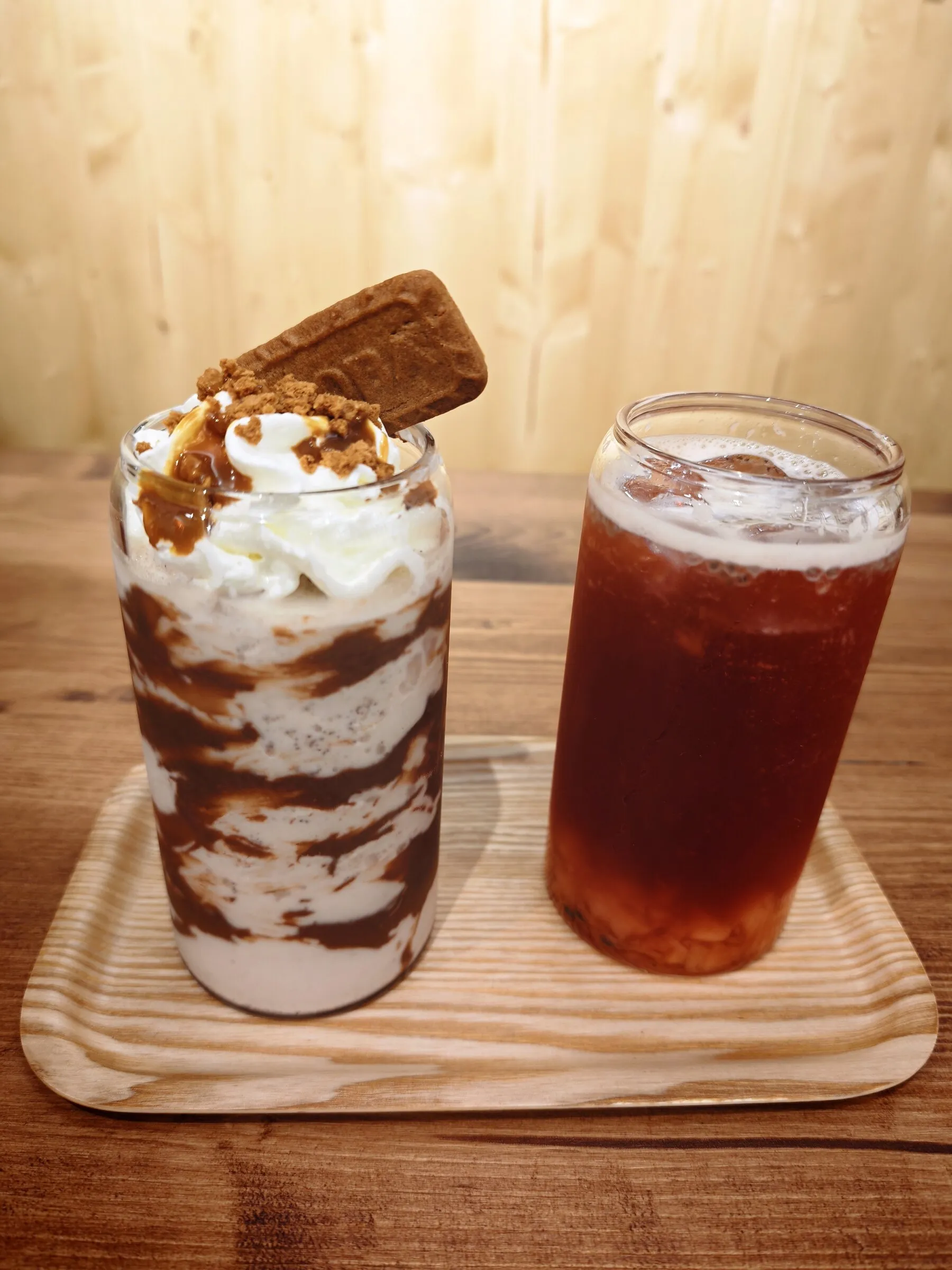 Choco Délice surmonté de chantilly et de spéculoos, à côté d’un thé glacé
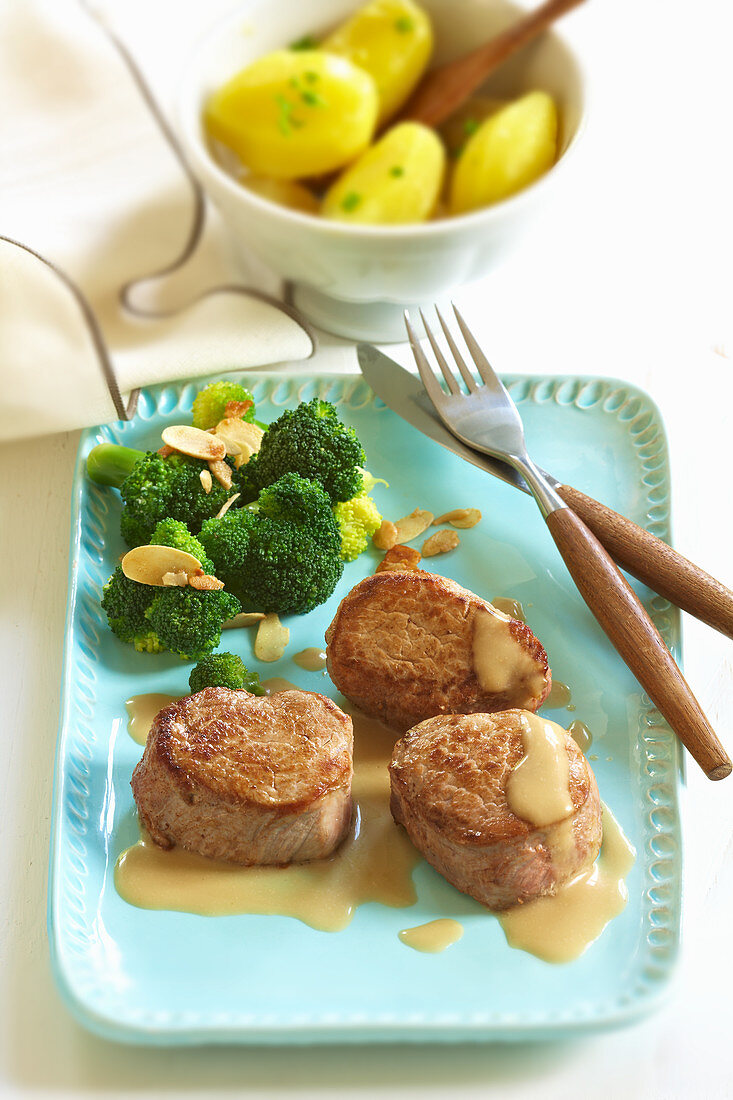 Pork medallions with broccoli and flaked almonds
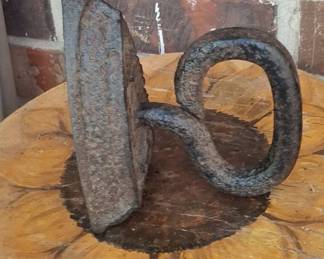 Antique Cast Iron Sad Iron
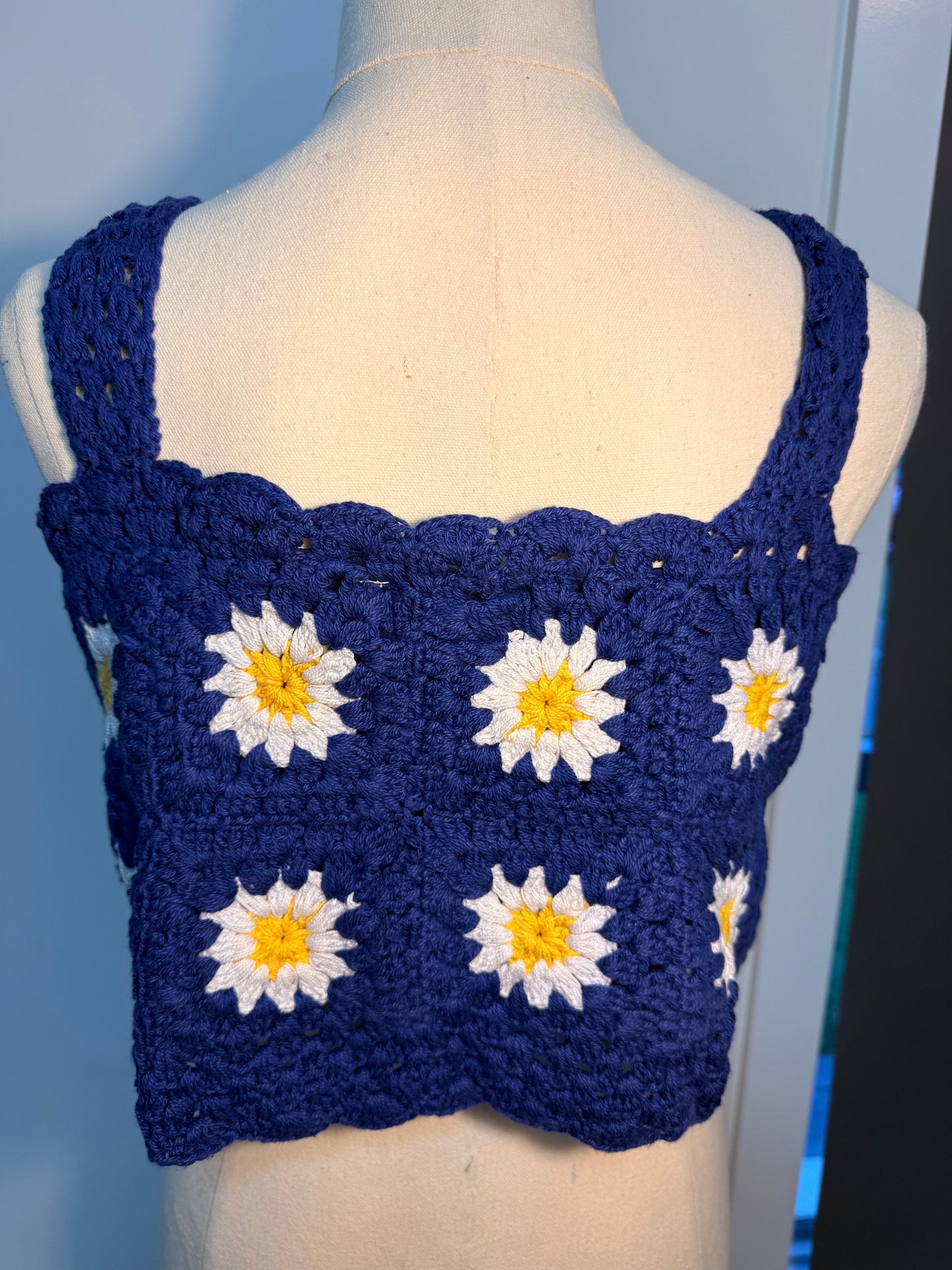 🌼 Daisy Bloom Crochet Crop Top – Navy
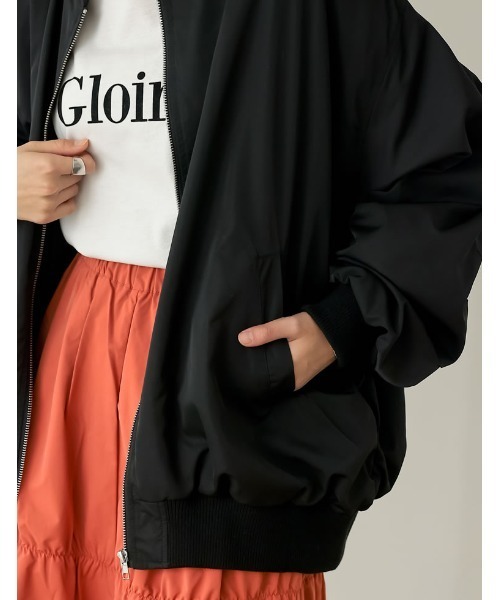 Re:EDIT（リエディ）の「ボリュームスリーブMA-1（MA-1・レディース・アイボリー/ライトカーキ/ブラック・MEDIUM）」の4枚目の写真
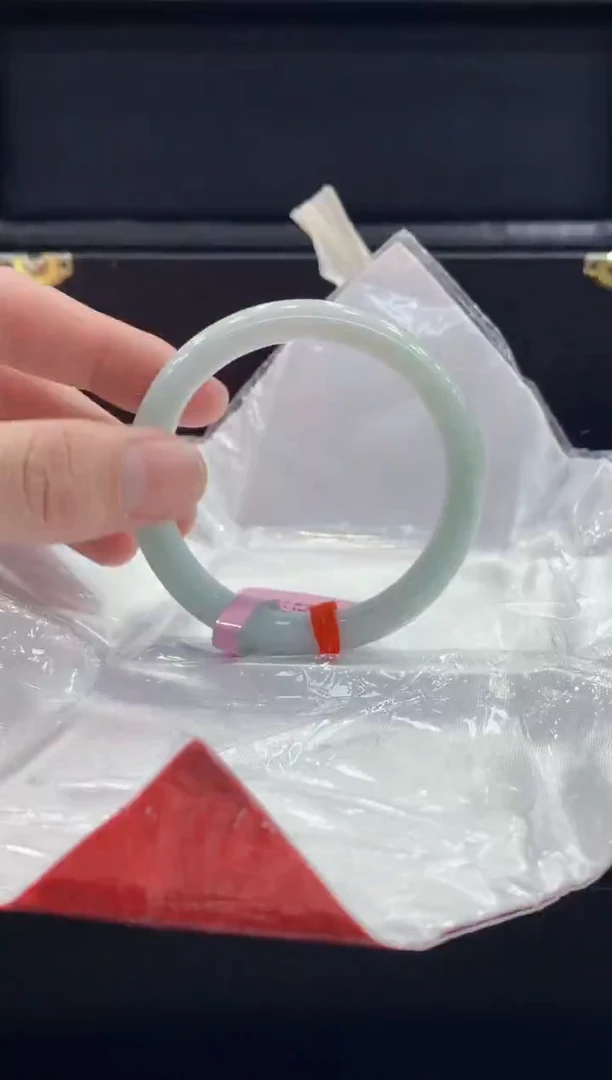 未镶嵌手镯翡翠翡翠手镯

━━━━━━━━

-- TO DO --
Output exactly the lines from the one containing "Crop Top – Navy" through the last line of the records above, both included, leaving out any pictures.

-- FINISHED TASK --
 🌼 Daisy Bloom Crochet Crop Top – Navy
 Re:EDIT（リエディ）の「ボリュームスリーブMA-1（MA-1・レディース・アイボリー/ライトカーキ/ブラック・MEDIUM）」の4枚目の写真
 未镶嵌手镯翡翠翡翠手镯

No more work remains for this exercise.